The process, called ATM skimming, is certainly not a new concept (but then as Randy Abrams points out, very few scams are TRULY new, they’re usually repurposed from some other venue). Since long ago, bank tellers, wait staff and other public facing folks have tried little scams to pocket a penny here, dollar there. Hopefully, it’s not enough so the system (or boss) will notice, but net a tidy sum over time. The twist here is that technology allows scammers to do so largely automatic, undetected, and relatively anonymously once the equipment is in place.
Once they haul the data down to their laptop, it’s either acted on directly by attempting to remove cash after imprinting your information on to fake cards, or sold in bulk on the dark markets for a tidy sum to other scammers.
ATM’s vary in style, depending on model and manufacturer. This plays into the scam, because if a fake keypad is mounted on top of the real keys to intercept key presses, people may not notice something looks “out of place” for that model of ATM. Also, the real card slot may be blocked with a professional looking plate, and a fake scanner mounted above it, looking real. The FBI has a nice image (below) which shows the subtle differences on a typical compromised ATM. Note the fake camera above the screen, the fake keypad overlay and the blocked card slot. Not bad, for fakes, and certainly easy to overlook if you’re in a hurry.
By the numbers, several cased have been prosecuted by the FBI including one example where a Bulgarian national was “sentenced yesterday to 21 months in prison for his role in a scheme that used sophisticated skimming devices on ATMs to steal over $1.8 million from at least 1,400 customer accounts at New York City area banks.”

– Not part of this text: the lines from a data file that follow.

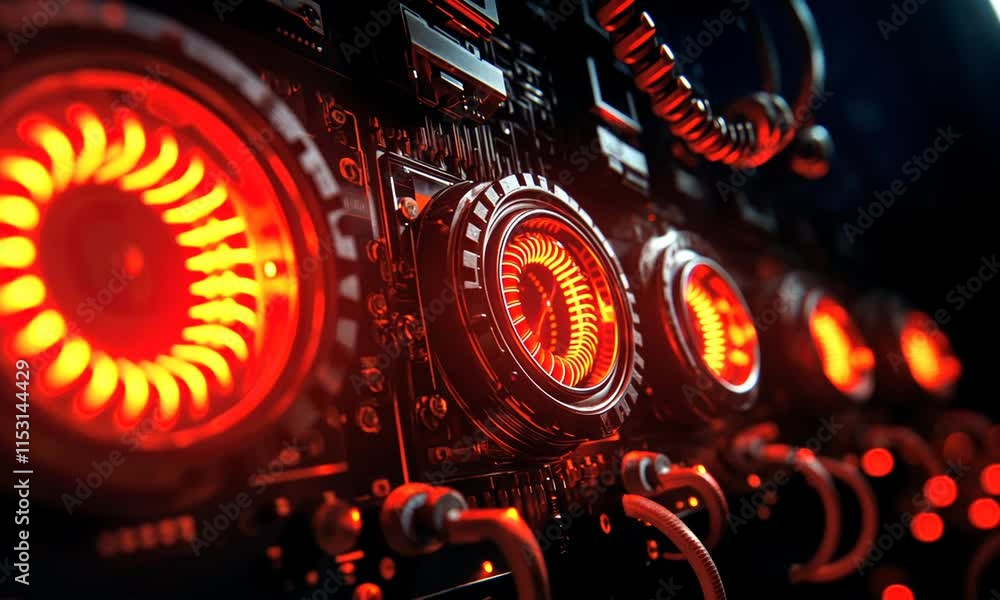 Poster close-up view of glowing red circuits and complex machinery, showcasing modern technology and intric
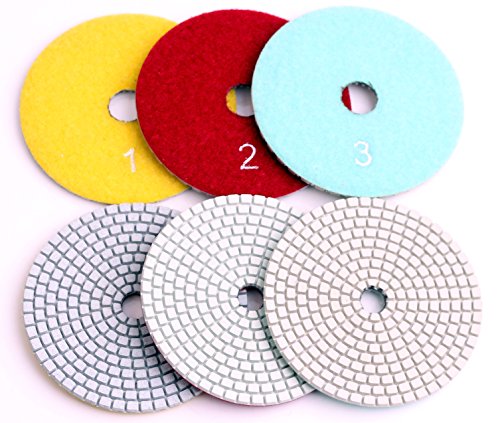 Product Cover 4 Inch with 2.5mm Thickness Dry/Wet 3 Step Polishing Pads for Granite Marble Concrete Stone
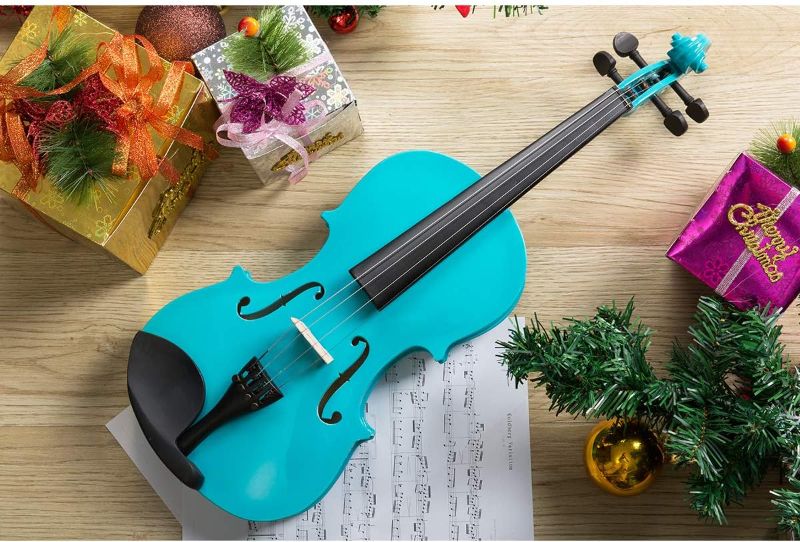 Photo 1 of ARTALL 4/4 Handmade Student Acoustic Violin Beginner Pack with Bow, Hard Case, Chin Rest, Spare Strings, Rosin and Bridge, Glossy Blue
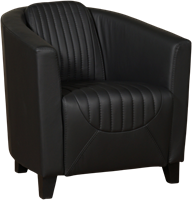 Leren kuipstoel Press Special - Toledo Leer Nero - Hout zwart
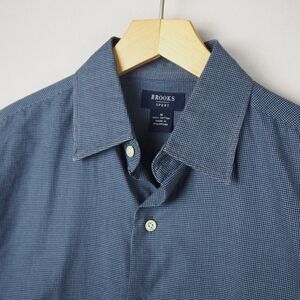Brooks Brothers Brooks Sport Shirt Mens M Blue Houndstooth Micro Pattern Cotton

They recommend users “Inspect the ATM, gas pump, or credit card reader before using it…be suspicious if you see anything loose, crooked, or damaged, or if you notice scratches or adhesive/tape residue.” Also, be on the lookout for hacked equipment in tourist traps, a popular target, and use an ATM at an inside location, they are more likely to be closely monitored for tampering. Also, they say “If your card isn’t returned after the transaction or after hitting ‘cancel,’ immediately contact the financial institution that issued the card.” So be aware this summer when you’re traveling, stolen financial information could be a most unwelcome surprise during your journeys.